Mr Turner admitted his consultancy firm overestimated the level of No voters that would defect to the Coalition from Labor.
'Particularly, those who voted No at the Voice referendum. Early indications suggest that 'Labor-No' voters just didn't switch over to the Coalition in the big numbers estimated,' Mr Turner told The Australian Financial Review.
Throughout the election campaign, the Coalition largely focused on policies pertaining to housing, energy and lowering inflation.
It also funnelled some of its energy into attacking its opponent over the failed referendum.
Mr Finkelstein said the flawed interpretation of the polls, with a focus on the referendum results, led to the party 'fielding resources in all the wrong places.'
'That's a campaign catastrophe," he said.
Tasmanian Liberal Senator Jonathon Duniam also rebuked the party's polling, blaming the numbers for ill-advised campaign tactics.

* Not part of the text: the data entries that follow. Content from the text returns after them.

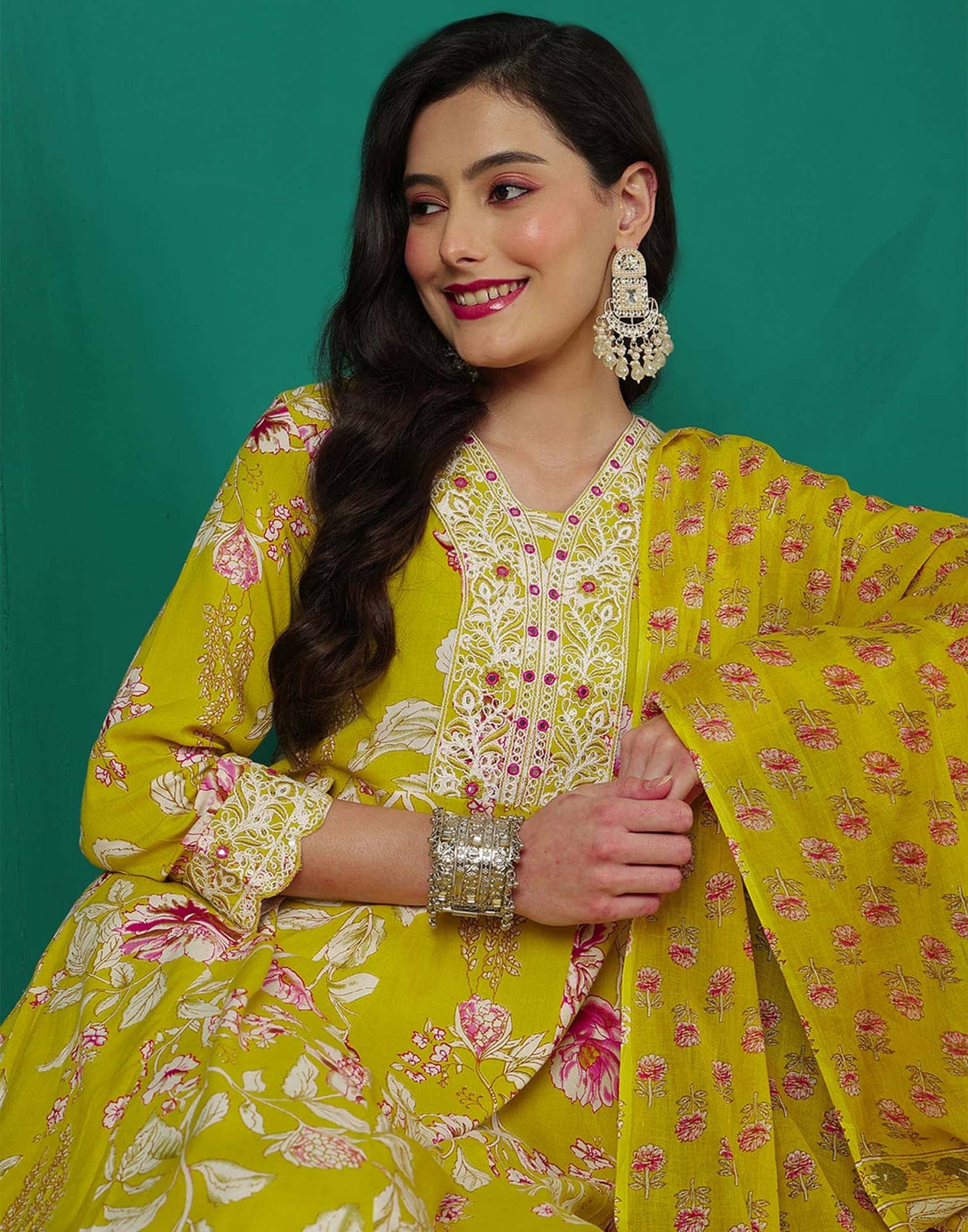 Cotton Embroidery, Sequins Work and Mirror Work Anarkali Kurta with Pant & Dupatta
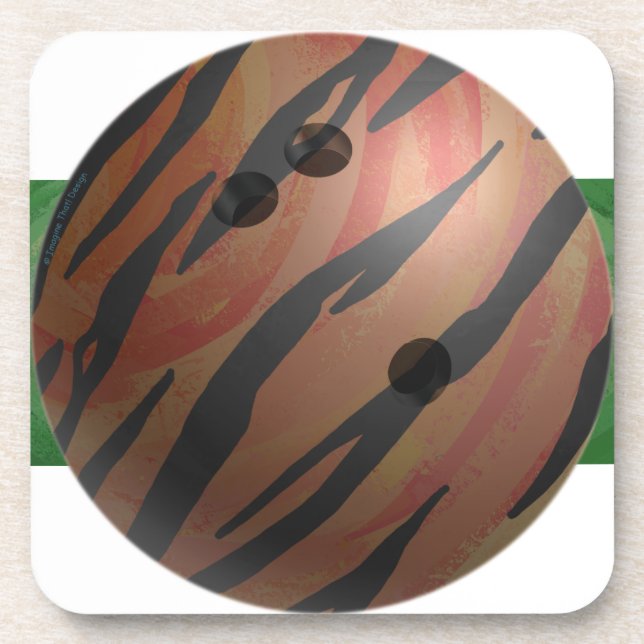 Dessous-de-verre Bowling Ball Tiger Orange (Devant)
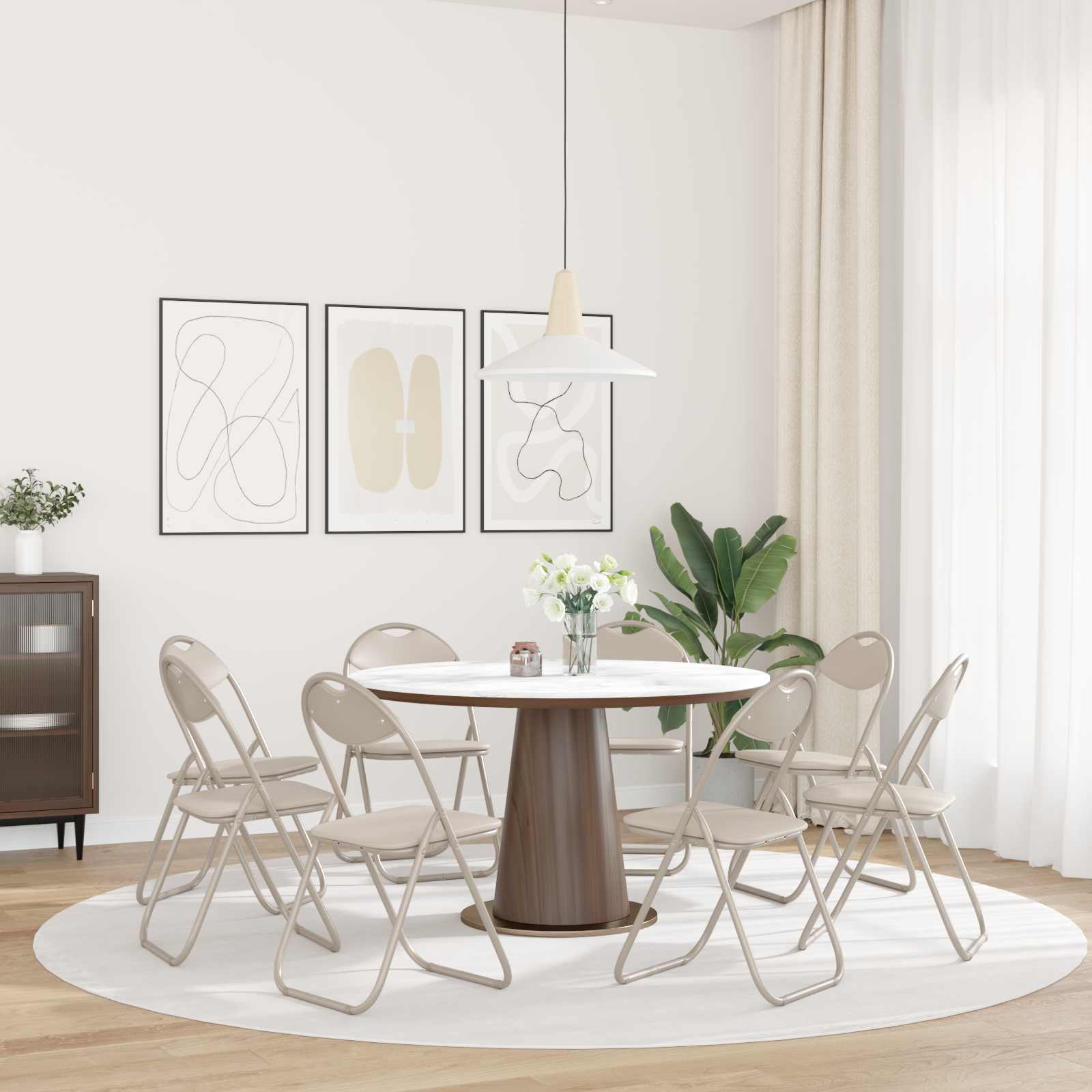 Sklopiva stolica 8 pcs Pijesak 48 x 43,5 x 81 cm Lažna koža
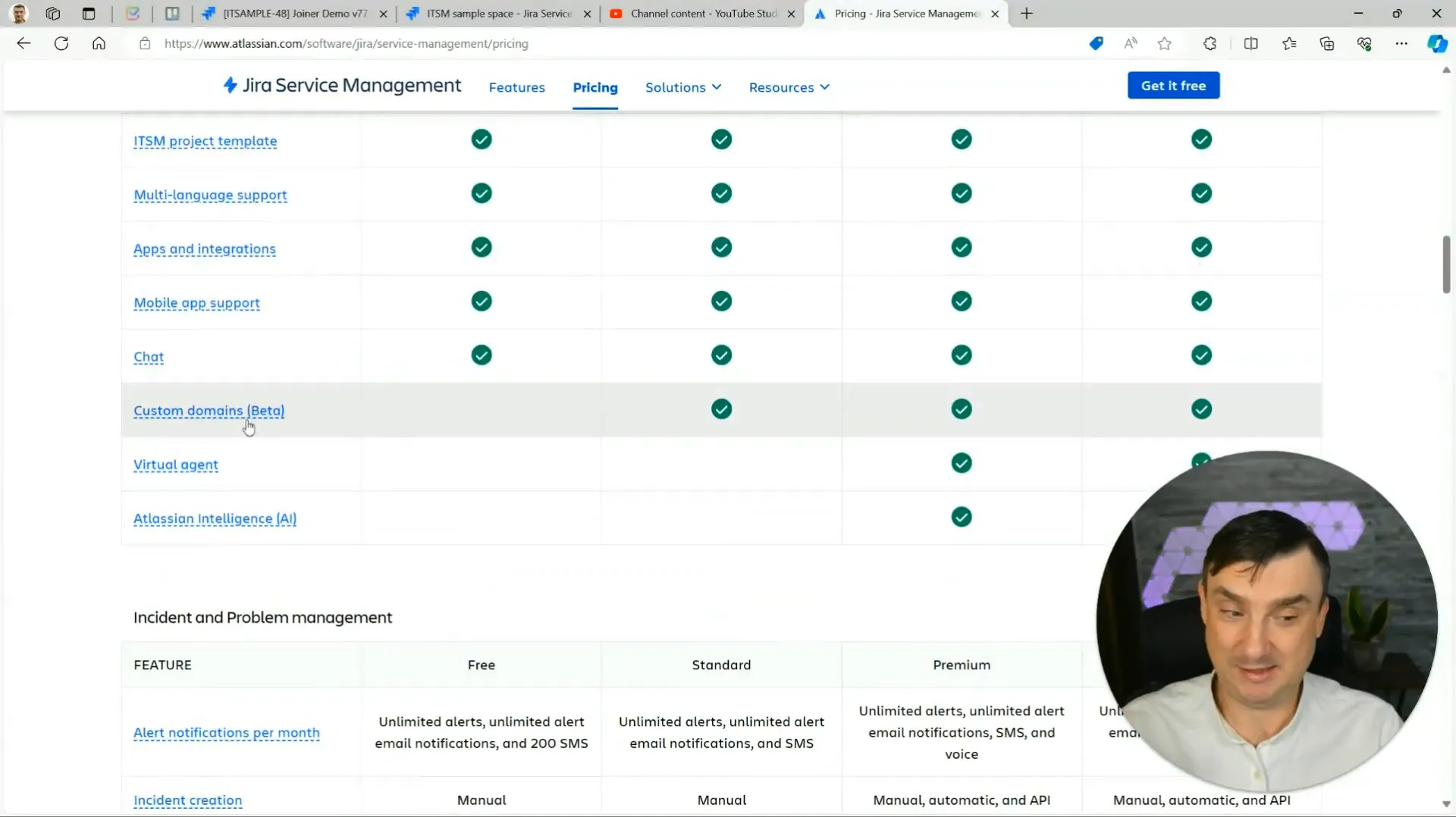 Screenshot of JSM pricing model overview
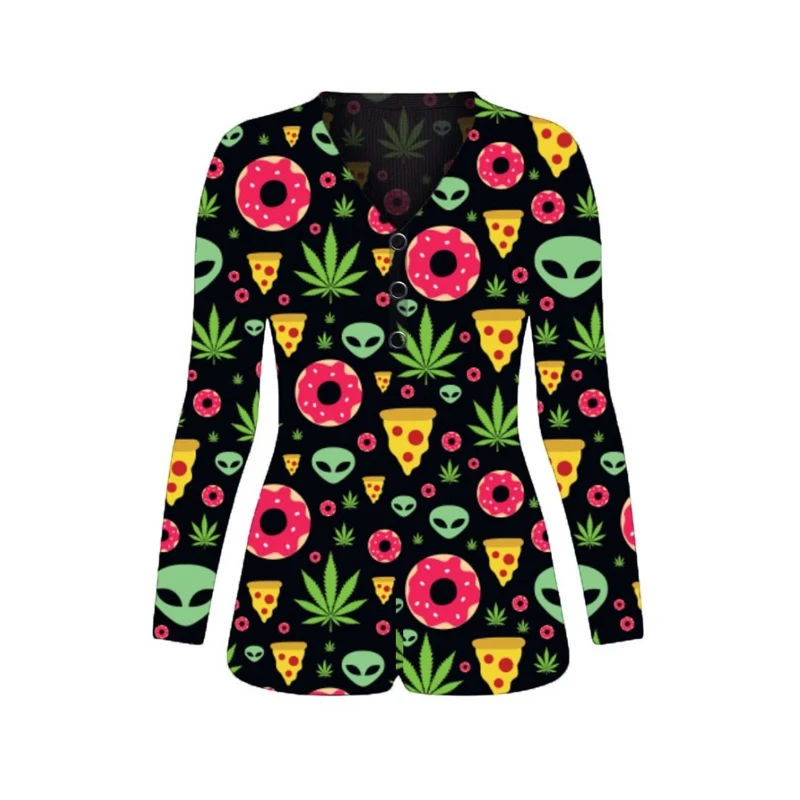 

2020 Wholesale fashion pajamas nightwear custom Aliens prindeer printed onesie adult sexy sleep wear one piece onesie for women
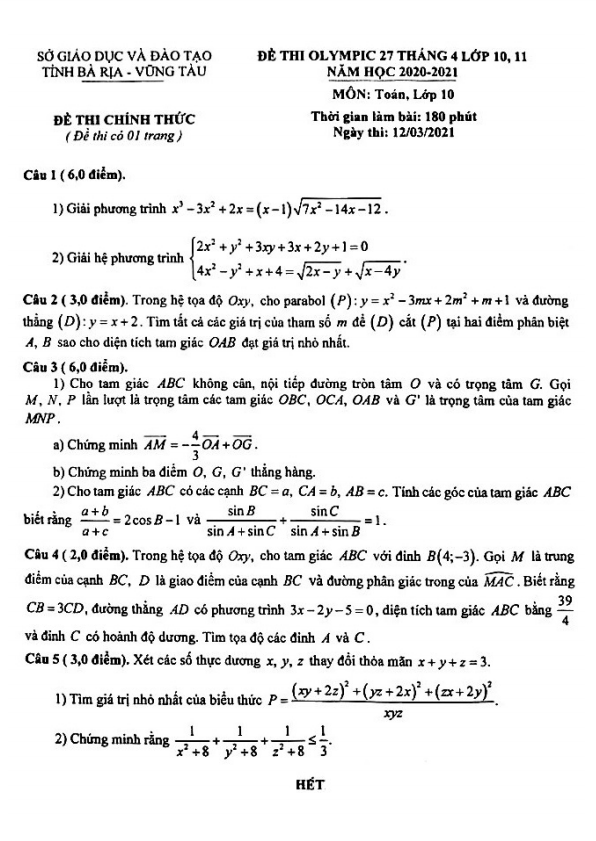 Đề Olympic 27 tháng 4 lớp 10 môn Toán năm 2020 2021 sở GD ĐT Bà Rịa Vũng Tàu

'We had bad pollsters giving us bad numbers, way off the mark, totally out of line with all of the published polling,' he told Sky News on Tuesday.
'Our own polling here in Tasmania pointed to the wipeout we ultimately got and so there are some people in our campaign headquarters who are going to have to answer some questions for us around what went wrong here.
'From campaign headquarters, we were told, no, there's nothing else you need to do – we're on track, things are good.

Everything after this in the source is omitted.